For purposes of this Article XII, the term "Fair Market Value" of
the Common Stock shall be defined as an amount equal to either (a)
the mean of the closing bid and asked quotations in the
over-the-counter market on such date (rounded up to the nearest
cent), as reported by the National Association of Securities
Dealers Automated Quotation System, or (b) in the event the Common
Stock is listed on any exchange, the last sale price on such
exchange on such date or, if there are no sales on such date, the
mean of the bid and asked prices (founded up to the nearest cent)
for the Common Stock on such exchange at the close of business on
such date.

                           Article XIII
                       Exercise of Options
     Unless an Optionee gives written notice of termination to the
Company as provided in Article XV below, Options shall be exercised
automatically for him on the Exercise Date for the purchase of the
number of full shares of the Common Stock which the balance of the
payroll deductions credited to such Optionee's separate account
during the term of the Option shall purchase at the Option Price.
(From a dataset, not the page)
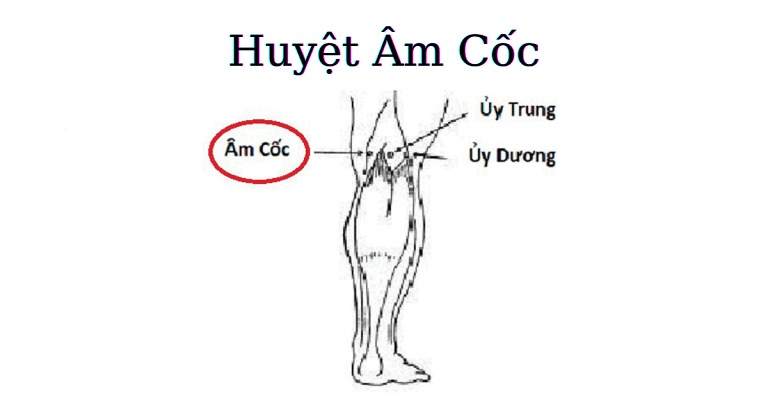 Huyệt Âm Cốc là gì? Chức năng của huyệt Âm Cốc trong cơ thể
                           Article XIV
                     Delivery of Certificates
     The Company shall deliver to an Optionee certificates
representing the shares of the Common Stock purchased by him upon
the exercise of an Option as soon as practical after the end of an
Offering.  At the expiration of the term of an Option the Company
shall make a cash payment equal to the balance of any payroll
deductions previously credited to such Optionee's separate account
during the term of the Option which have not been used for the
purchase of shares of the Common Stock.

                            Article XV
                      Termination of Options
     An Optionee may terminate an Option by giving written notice
of termination to the Committee prior to the Exercise Date, in such
manner as the Committee may require.  Such written notice shall
terminate the Optionee's participation in an Offering and his
payroll deductions shall terminate effective as of the end of the
next pay period in the fiscal quarter of the Company in which the
written notice of termination is received by the Committee.  After
the termination of an Option the Company shall make a cash payment
equal to the balance of any amount held in the Optionee's separate
account.  An Optionee's termination of employment with the Company
or a Related Company for any reason (including death or disability)
while an Offering is outstanding shall be deemed the equivalent of
the written notice of termination described above and shall be
effective as of the date of the Optionee's termination of
employment.

                           Article XVI
                      Rights as Stockholder
     16.1 An Optionee shall not have any interest in shares of the
Common Stock subject to an Option until such Option is exercised by
him.
     16.2 An Optionee who has exercised an Option shall not be
entitled to any of the rights or privileges of a stockholder of the
Company, including but not limited to the right to vote the shares
and the right to receive any dividends which may be declared by the
Company with respect to the shares, until such time as stock
certificates representing the shares are issued to him.
     16.3 Certificates for shares of the Common Stock shall be
issued to an Optionee as soon as practical after the end of the
Offering and, when issued, shall be registered in the name of the
Optionee or, if the Optionee so directs in his payroll deduction
form, in the names of the Optionee and such other person as may be
designated by the Optionee, as joint tenants with right of
survivorship, to the extent permitted by applicable law.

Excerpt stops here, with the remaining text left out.